The result should hold only the lines from the one with "The next thing" through the final line of the data below, transcribed exactly, pictures left out.

» Data records:

☆ ☆ ☆ ☆

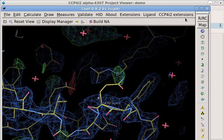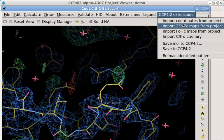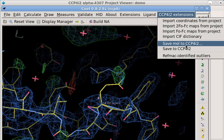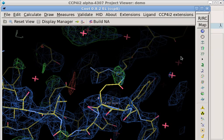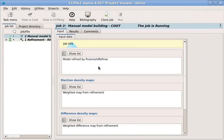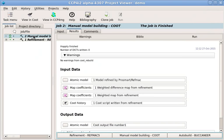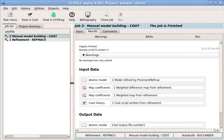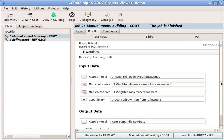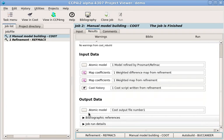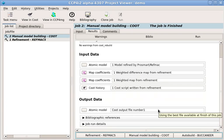This will ensure that our changes are recorded in the CCP4i2 database. Our Coot job has been recorded in the job list, so we have a full record of what we have done. If we just use Coot as a viewer and don't save anything, the job will be deleted from the list.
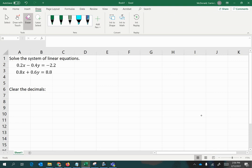In this video, we will solve the system of linear equations given here: 0.2x minus 0.4y equals negative 2.2, and the second equation, 0.8x plus 0.6y equals 8.8.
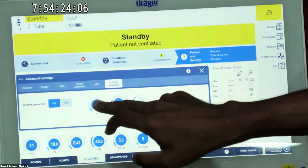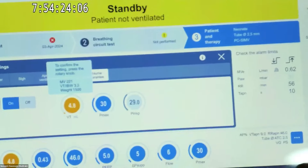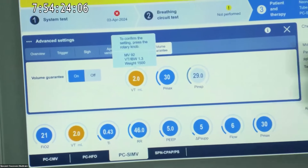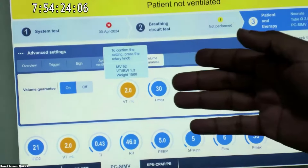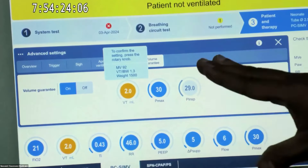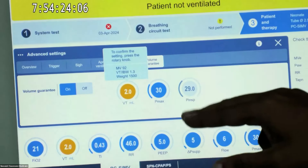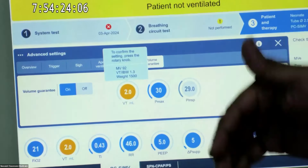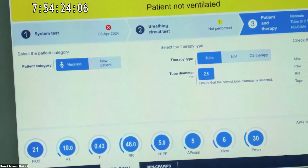Once we switch it on, we can set the total volume. The minimum tidal volume starts from 2 ml, so from 400 grams we can start this ventilator, up to 100 ml maximum limit for volume guarantee. We also set the P-max — the reason we set P-max is so that it doesn't exceed the upper airway pressure, as a safety measure.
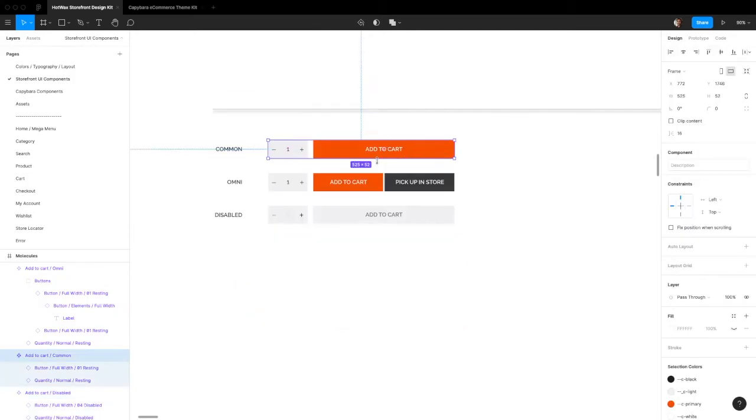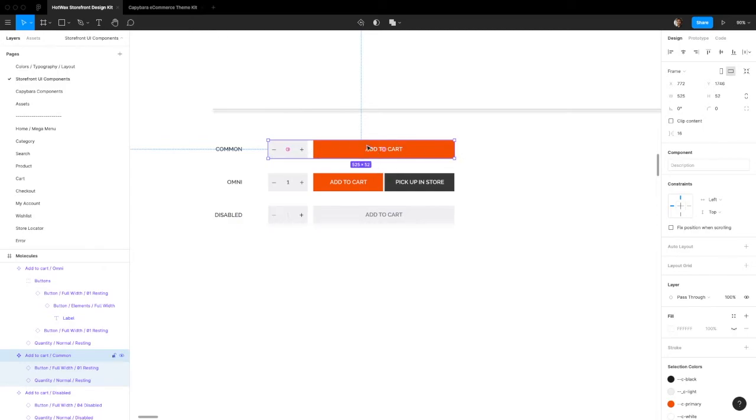If you want to have a version without the quantity selector, I'd recommend just using a full width button and writing add to cart in there, because it's going to be easier that way to manage the design.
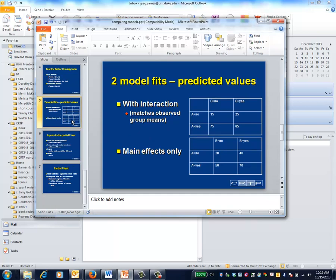Returning to the test for interaction, what the statistical test does is to first generate the predicted values for every patient under the full model. For a two-way ANOVA model with interaction, these predicted values turn out to be the observed group means. You now have enough information to calculate an ANOVA table, since the ANOVA table requires knowing the value of the outcome for every patient, knowing the mean value of the outcome for the data set as a whole, and having a predicted value for every patient.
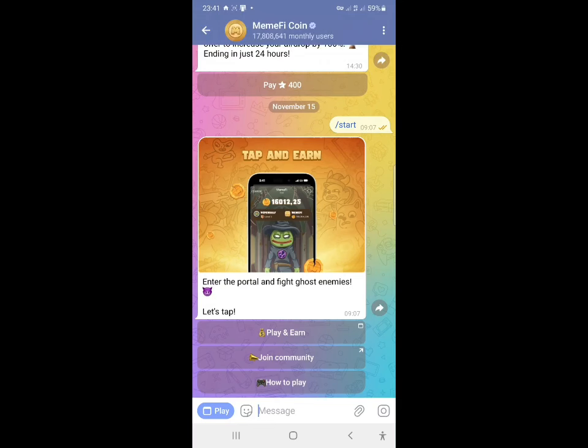In this video I want to show you how to check your Memefy allocation and also how to withdraw your tokens.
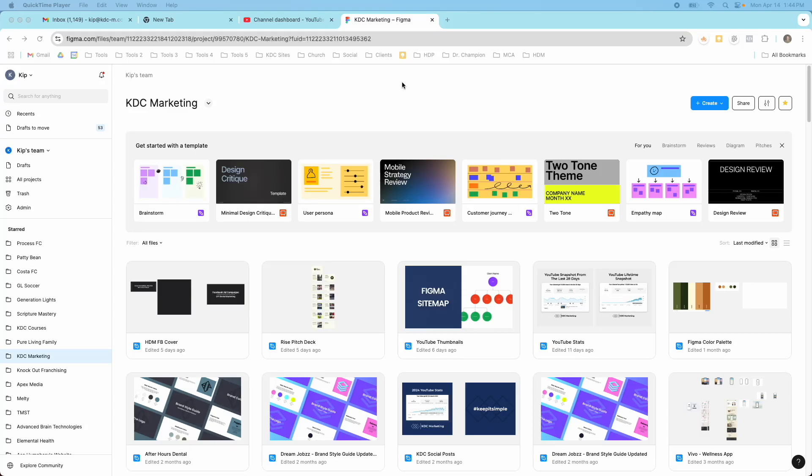Hey guys, it's Kip here from KDC Marketing and in today's video I want to show you how you can use Figma slides to create some really cool presentations.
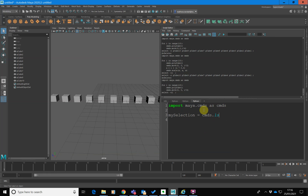There's a command called ls. This is a really useful command and is well worth looking up in the reference and understanding in a bit more detail. Inside here, I can pass a parameter called selection equals true. Basically, what I'm saying here is the list of items — commands list items, listing nodes, stuff in your scene.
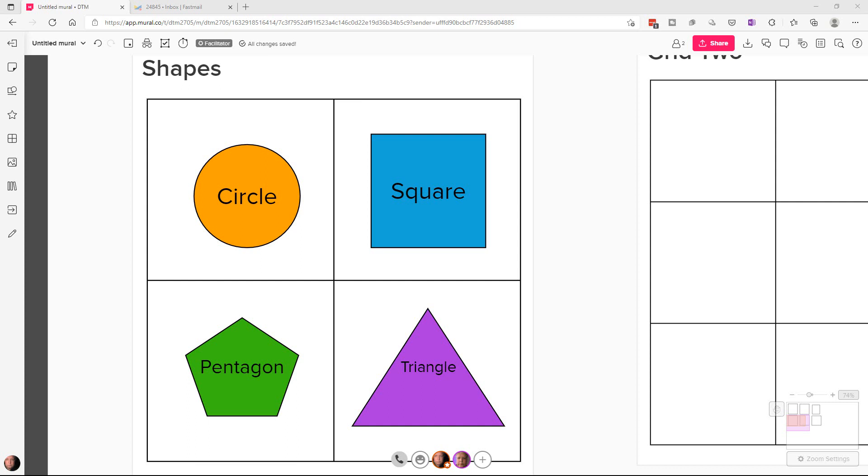Hey everybody, this is Dean and welcome to Dino's Tech World. Today I'm going to show you how to do a voting session in Mural, which is a whiteboard software application.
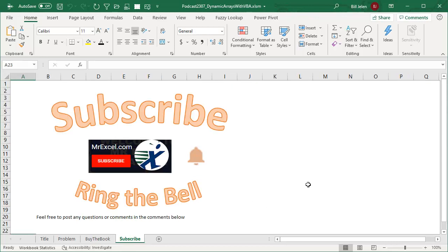If you like these tips, please down below the video, click subscribe and ring that bell. Feel free to post any questions or comments in the comments below. Thanks for stopping by. We'll see you next time for another netcast from MrExcel.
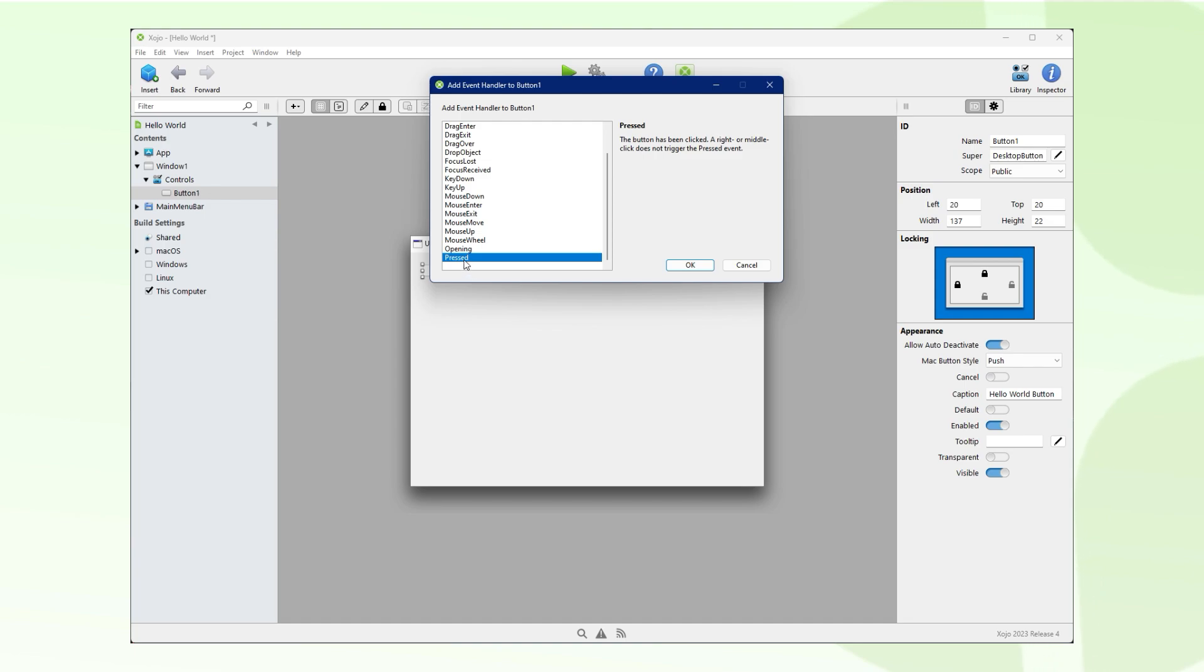Double-click the button to add the pressed event handler to the button, make sure it is selected, and then press the OK button.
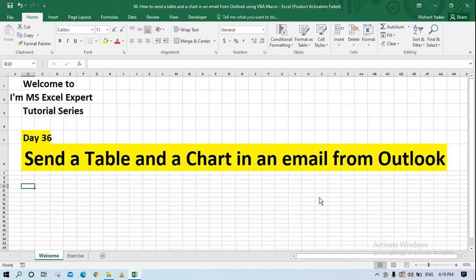Hello everyone and welcome to the MS Excel Expert tutorial series. Today is day 36, and we will be working on how to send a table and a chart in an email from Outlook using VBA or macro. As promised in my last video, where we saw how to send an email using VBA, today we are going to add a table and a chart into that Outlook email.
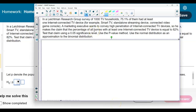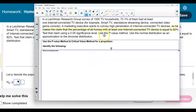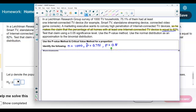Let's first identify the claim in this problem. The claim says that the percentage of all homes with at least one internet-connected TV device is equal to 82%. We're going to use the p-value method and identify the given information. The sample size n = 1,000. The point estimate p̂ = 75.1%, or 0.751 as a decimal. The population proportion p = 82%, or 0.82, and the complement q = 1 − 0.82 = 0.18.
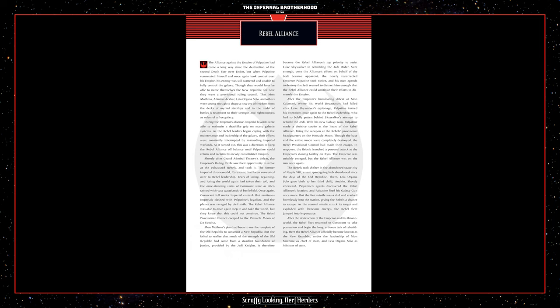In response, the Rebels launched a personal attack at the Emperor's cloning facility on Byss. The Emperor was suitably enraged, but the Rebel Alliance was on the run once again. The Rebels took shelter in the abandoned space city of Nespas VIII, a vast space-going hub abandoned since the days of the Old Republic. There, Leia Organisolo gave birth to her third child, Anakin. Shortly afterward, Palpatine's agents discovered the Rebel Alliance's location, and Palpatine fired his galaxy gun once more. But the first missile was a dud and crashed harmlessly into the station, giving the Rebels a chance to escape. As the second missile struck its target and exploded with ferocious energy, the Rebel Fleet jumped into hyperspace. After the destruction of the Emperor and his throne world, the Rebel Fleet returned to Coruscant to take possession and begin the long, arduous task of rebuilding. Here, the Rebel Alliance officially became known as the New Republic, under the leadership of Mon Mothma as Chief of State and Leia Organis Solo as Minister of State.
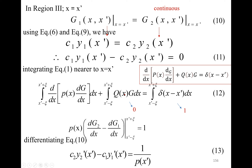After integration, the d/dx and integration cancel, leaving: p(x) · [dG₂/dx − dG₁/dx] evaluated at the limits equals 1. Bringing p(x') to the right-hand side gives 1/p(x'). This reflects the discontinuity in the derivatives of G₁ and G₂ — while G₁ and G₂ are continuous, their derivatives are discontinuous at x = x'. So: C₂·y₂'(x') − C₁·y₁'(x') = 1/p(x'), which is equation 13.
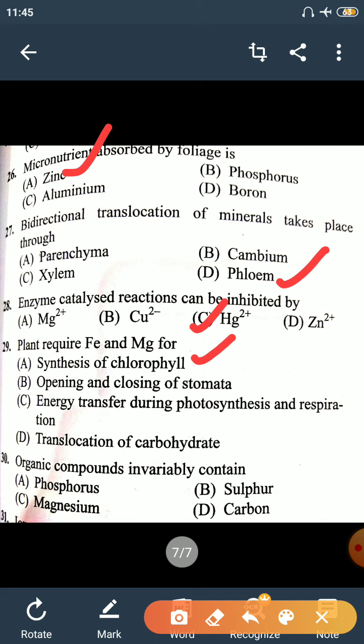Last question, Question 30: Organic compounds invariably contain — the answer is Carbon. All organic compounds contain carbon. The right option is Carbon. These were 30 most important questions of Mineral Nutrition and Plant Physiology.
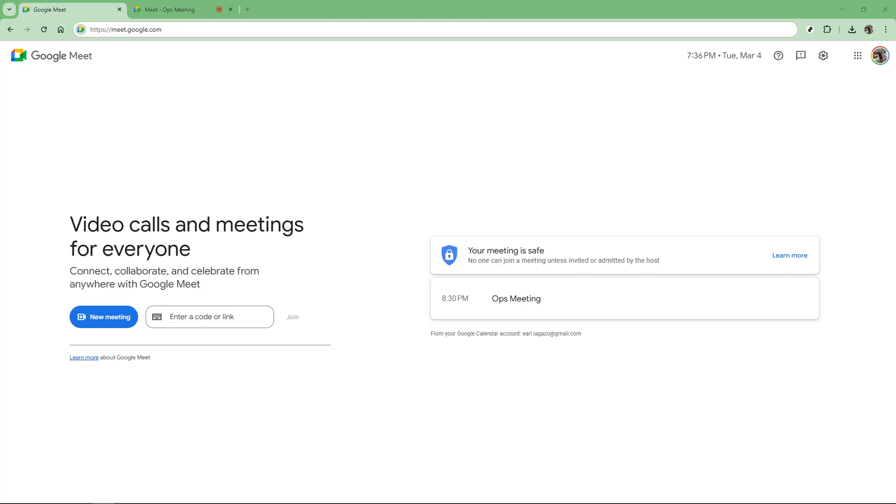In today's video, I'm going to teach you how to mute all participants in one click in Google Meet.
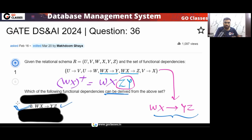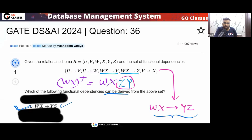The closure of WX: WX can determine WX by reflexivity. WX can also determine Z. Then WX can determine Y as well. I can stop because I got YZ — meaning from this set of FDs, WX determines YZ. So option B can definitely be derived. The complete closure of WX is WXYZ — nothing else.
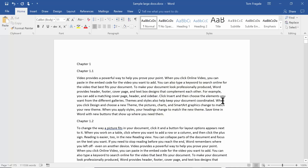In this video I want to show you how to create a table of contents in Microsoft Word. This will work in Word 2016, Word 2013, Word 2010, and probably Word 2007 as well.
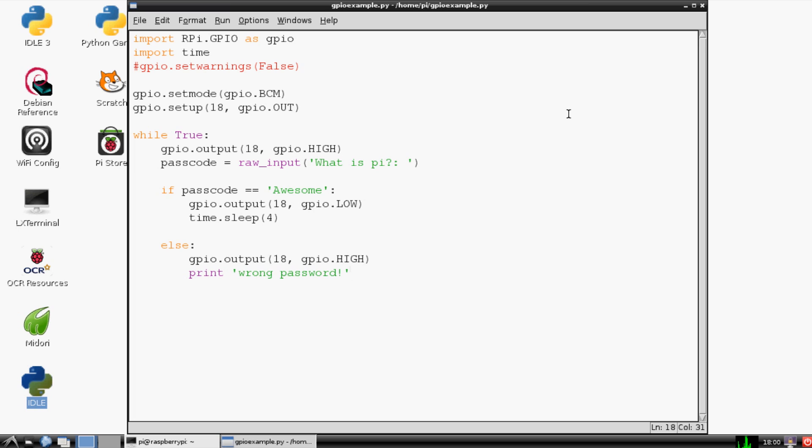So anyway, now let's pop over to our Raspberry Pi and let's plug in everything, and then we'll come back over to this screen and begin running our program. So let me go do that.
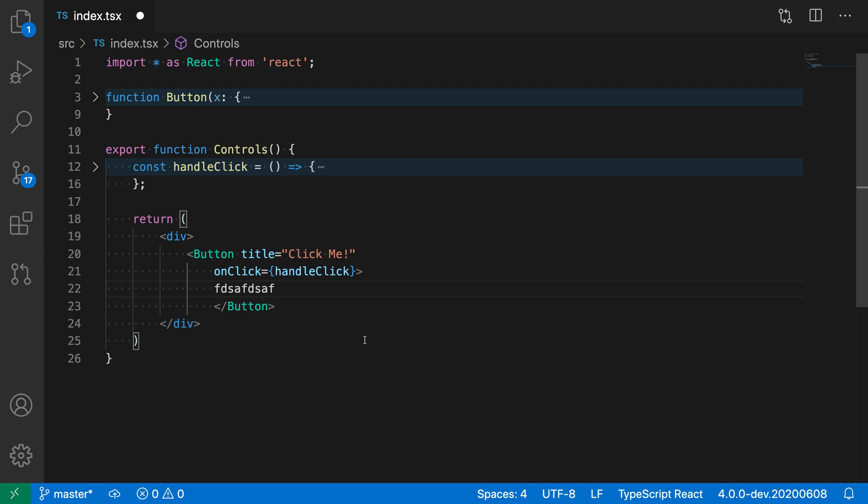So that is going from a self-closing tag to having an opening and closing tag. Now you can also do the reverse, of course.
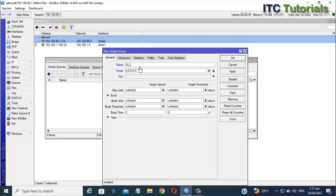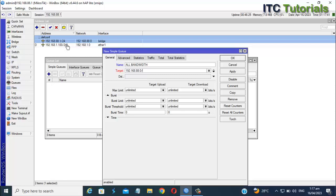Enter your desired queue name, and enter your network target. Here you can now select or enter your allocated upload and download internet speed for that network.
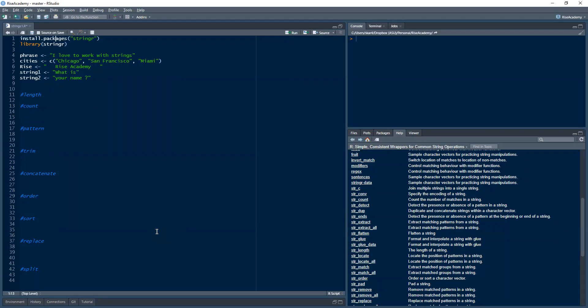Hi friends, welcome to this video. I'm going to show you how to use a very important package in R called stringr. Stringr is a package you can use to work with strings, to manipulate and edit them. We know how important it is to clean data for a data scientist — we have to do it almost on a daily basis before we can apply any algorithms. After this video, I hope you're able to apply this library to your R programming and do better data cleaning.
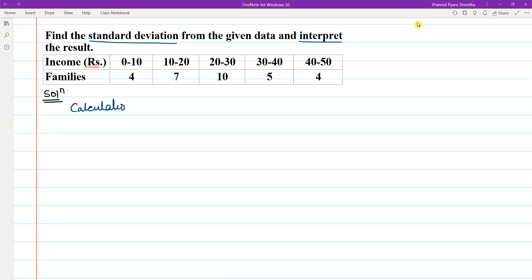I will find out the calculation of standard deviation. Calculation of standard deviation.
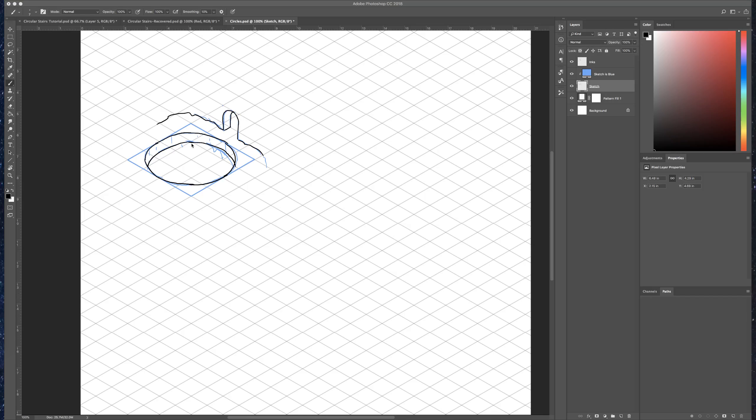Hi there, this is Michael Prescott and I am doing a video on how to draw circles in an isometric perspective.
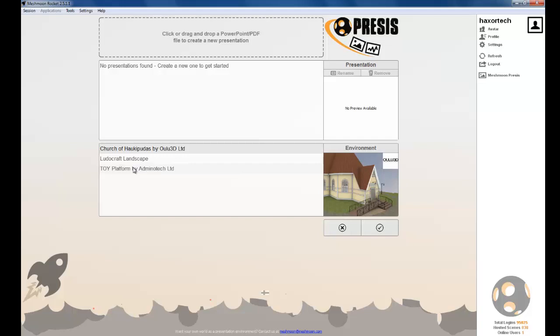The next thing we're going to do is drop in a PDF or PowerPoint presentation. You can either drag and drop your presentation onto this area, or click on this area and select the PowerPoint or PDF presentation that you want to use.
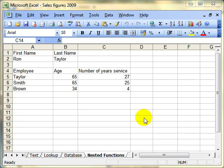In this video lesson, we're going to have a look at how to create a nested function. Nested functions are simply two or more functions inside the one calculation.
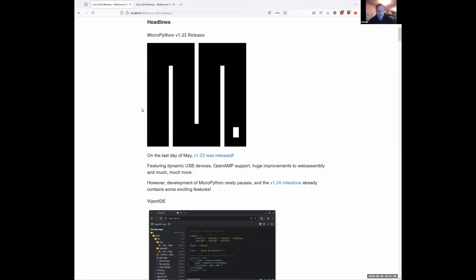The big headline was that MicroPython 1.23 got released. That took a little longer than expected, but on the very last day of May it went out the door, and Damien has already demonstrated one of the biggest features, which is the dynamic USB stuff.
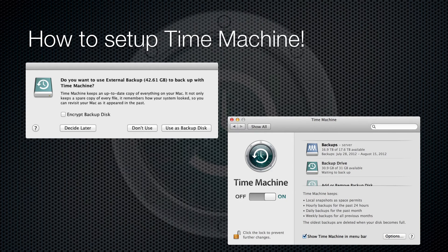Setting up Time Machine is as easy as connecting an external drive to your Mac, either by Thunderbolt, Firewire, or USB, as long as that drive is Mac OS Extended formatted. If you haven't specified the Time Machine backup device yet, Time Machine asks you if you'd like to use the disk for backup the first time you connect it. If you ignore that message, you can go to the Time Machine system preferences and select your backup destination. You can also select a second destination for your backups here.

☆ ☆ ☆ ☆

» RESPONSE TO THIS EXERCISE:
The next thing we're going to do is drop in a PDF or PowerPoint presentation. You can either drag and drop your presentation onto this area, or click on this area and select the PowerPoint or PDF presentation that you want to use.
In this video lesson, we're going to have a look at how to create a nested function. Nested functions are simply two or more functions inside the one calculation.
The big headline was that MicroPython 1.23 got released. That took a little longer than expected, but on the very last day of May it went out the door, and Damien has already demonstrated one of the biggest features, which is the dynamic USB stuff.
Setting up Time Machine is as easy as connecting an external drive to your Mac, either by Thunderbolt, Firewire, or USB, as long as that drive is Mac OS Extended formatted. If you haven't specified the Time Machine backup device yet, Time Machine asks you if you'd like to use the disk for backup the first time you connect it. If you ignore that message, you can go to the Time Machine system preferences and select your backup destination. You can also select a second destination for your backups here.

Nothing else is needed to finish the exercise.